Optimalisatietechnieken voor het trainen van CheXNet op Dell C4140 met NVIDIA V100 GPU's (in het Engels)

Summary: Best practices voor het behalen van maximale prestaties op gedistribueerde scale-out training van CheXNet met nvidia V100 SXM2 GPU's in Dell EMC C4140 servers.

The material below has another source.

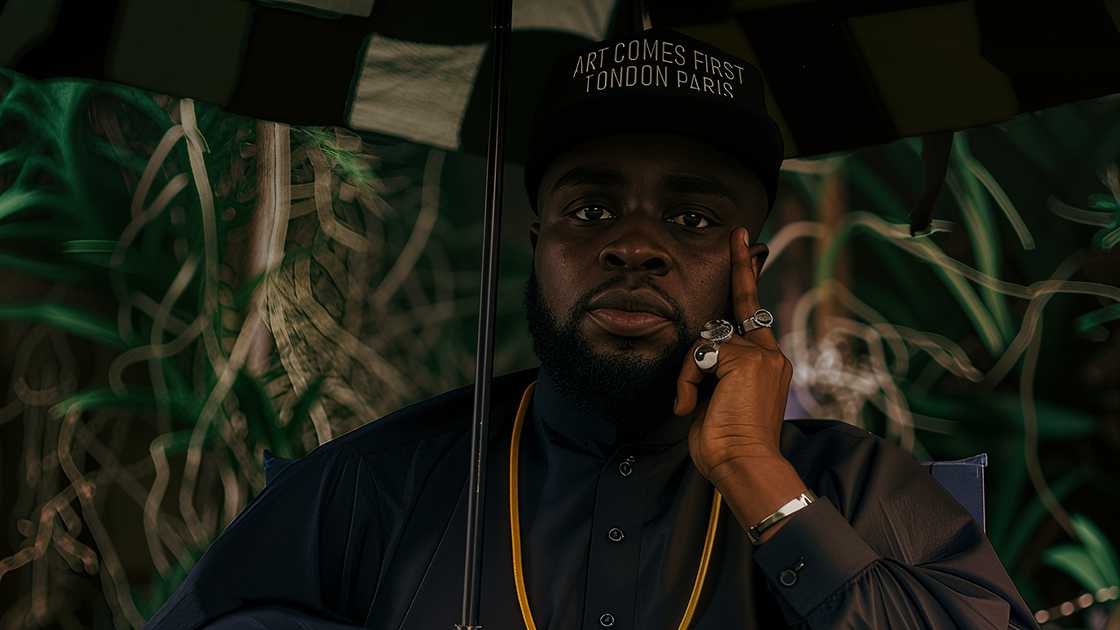 M.anifest holds an umbrella during a shoot for his 2025 album. M.anifest holds an umbrella during a shoot for his 2025 album.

This article applies to This article does not apply to This article is not tied to any specific product. Not all product versions are identified in this article.

Symptoms

Dit artikel is geschreven door Rakshith Vasudev en John Lockman - HPC AI Innovation Lab in oktober 2019

Cause

  -

Resolution

Zoals eerdergeïntroduceerd, is CheXNet een AI-radioloogassistent-model dat gebruikmaakt van DenseNet om maximaal 14 ziektebeelden te identificeren van een bepaalde röntgenfoto op de borst. Verschillende benaderingen werden onderzocht om de training van een model uit te breiden dat zowel goed als beter presteert dan de oorspronkelijke CheXNet-121 met ResNet-50 die beloftes demonstreerde in zowel schaalbaarheid als verbeterde trainingsnauwkeurigheid (positieve ACREDITC). De auteurs toonden schaalbaarheid op CPU-systemen, maar we zijn geïnteresseerd in het gebruik van het parallelisme van GPU's om het trainingsproces te versnellen. In dit artikel beschrijven we best practices voor het behalen van maximale prestaties op gedistribueerde scale-out training van CheXNet met nvidia V100 SXM2 GPU's in Dell EMC C4140 servers. De Dell EMC PowerEdge C4140 biedt zowel dichtheid als prestaties met vier NVIDIA V100 GPU's in de SXM2-configuratie.


 

Hardwareconfiguratie: Softwareconfiguratie:
  • 4 PowerEdge C4140
  • 4 NVIDIA V100 32 GB SXM2
  • 2 20 core Intel(R) Xeon(R) Gold 6148 CPU bij 2,40 GHz
  • 384 GB RAM, DDR4 2666 MHz
  • 1 Mellanox EDR HCA
  • Lustre bestandssysteem
  • Deep Learning Framework: tensorflow-gpu
  • Framework-versie: 1.12.0
  • Horovod-versie: 0.16.4
  • MPI-versie: 4.0.0 met cuda- en ucx-ondersteuning
  • CUDA-versie: 10.1.105
  • CUDNN-versie: 7.6.0
  • NCCL-versie: 2.4.7
  • Python-versie: 3.6.8
  • Besturingssysteem en versie: RHEL 7.4


 


De datapijplijn is van cruciaal belang om de meeste prestaties van uw versnellers te krijgen:



 

Wat is tf-data, waarom zou u ernaar streven deze te gebruiken?

 

Aangezien nieuwe computerapparaten (zoals GPU's en TPU's) het mogelijk maken om neurale netwerken steeds sneller te trainen, is de CPU-verwerking gevoelig om het knelpunt te worden. De tf.data API biedt gebruikers bouwstenen voor het ontwerpen van invoerpijplijnen die effectief gebruikmaken van de CPU, waardoor elke stap van het ETL-proces wordt geoptimaliseerd.

 

Als u een trainingsstap wilt uitvoeren, moet u eerst de trainingsdata uitpakken en transformeren en deze vervolgens in een model voeren dat op een versneller wordt uitgevoerd. Bij een synchrone synchrone implementatie, terwijl de CPU de data voorbereidt, zit de accelerator echter inactief. Terwijl de versneller het model traint, zit de CPU daarentegen inactief. De trainingsstaptijd is dus de som van zowel de CPU-pre-processingtijd als de versnellertrainingstijd

 

Pipelining overlapt de preprocessing en modeluitvoering van een trainingsstap. Terwijl de versneller trainingsstap N uitvoert, bereidt de CPU de data voor op stap N+1. Door dit te doen, wordt de tijd die nodig is voor het uitpakken en transformeren van de data, teruggebracht tot het maximum (in tegenstelling tot de som) van de training.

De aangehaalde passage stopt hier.